Exercise instructions: The word to find is "bead". Copy each line of the material that contains it.

Available data:
○ ○ ○

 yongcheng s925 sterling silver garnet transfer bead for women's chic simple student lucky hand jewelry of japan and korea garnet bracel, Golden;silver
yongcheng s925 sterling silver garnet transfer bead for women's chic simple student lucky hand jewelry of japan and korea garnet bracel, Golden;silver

○ ○ ○

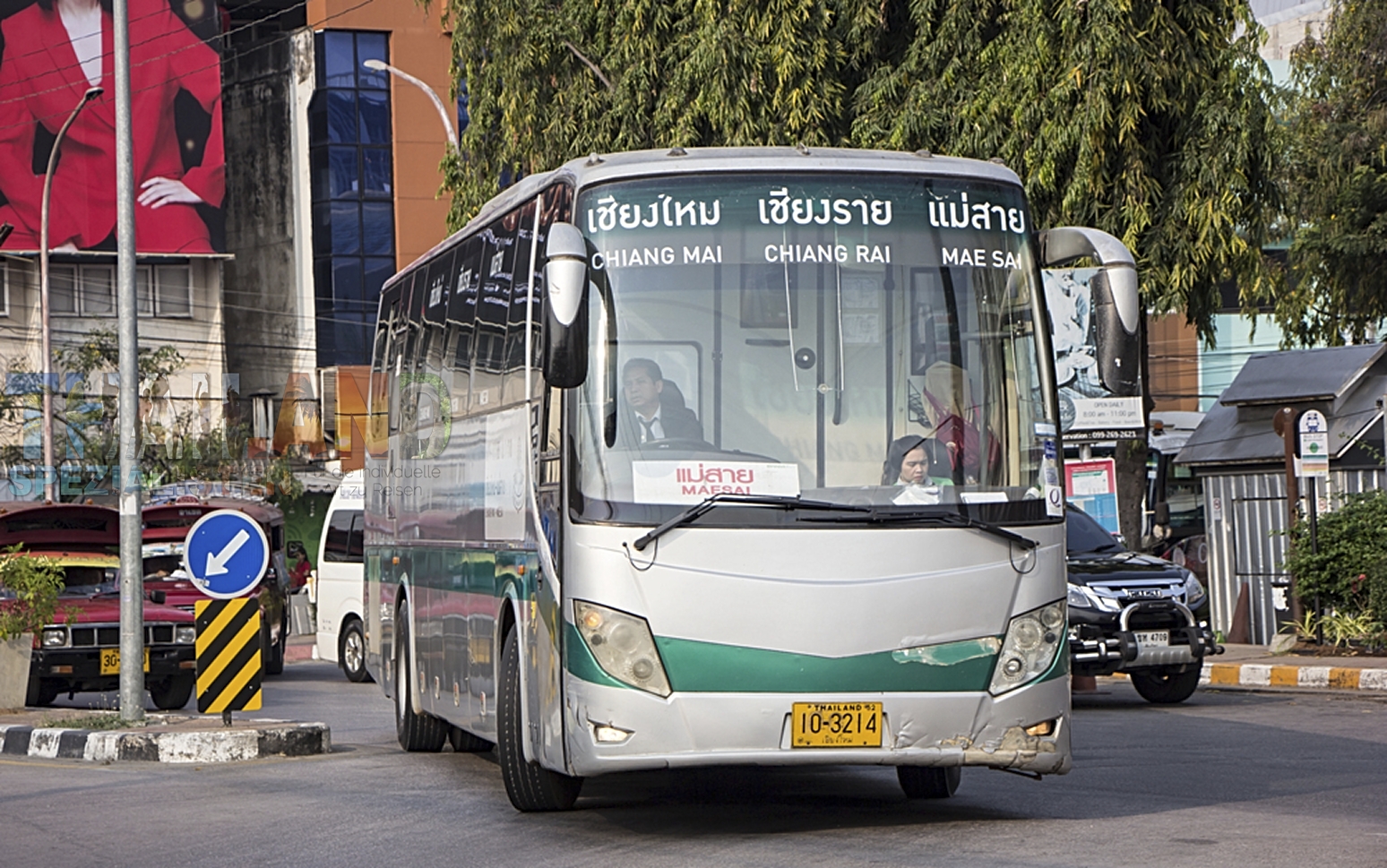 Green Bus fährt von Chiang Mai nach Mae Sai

○ ○ ○

Exercise response:
 yongcheng s925 sterling silver garnet transfer bead for women's chic simple student lucky hand jewelry of japan and korea garnet bracel, Golden;silver
yongcheng s925 sterling silver garnet transfer bead for women's chic simple student lucky hand jewelry of japan and korea garnet bracel, Golden;silver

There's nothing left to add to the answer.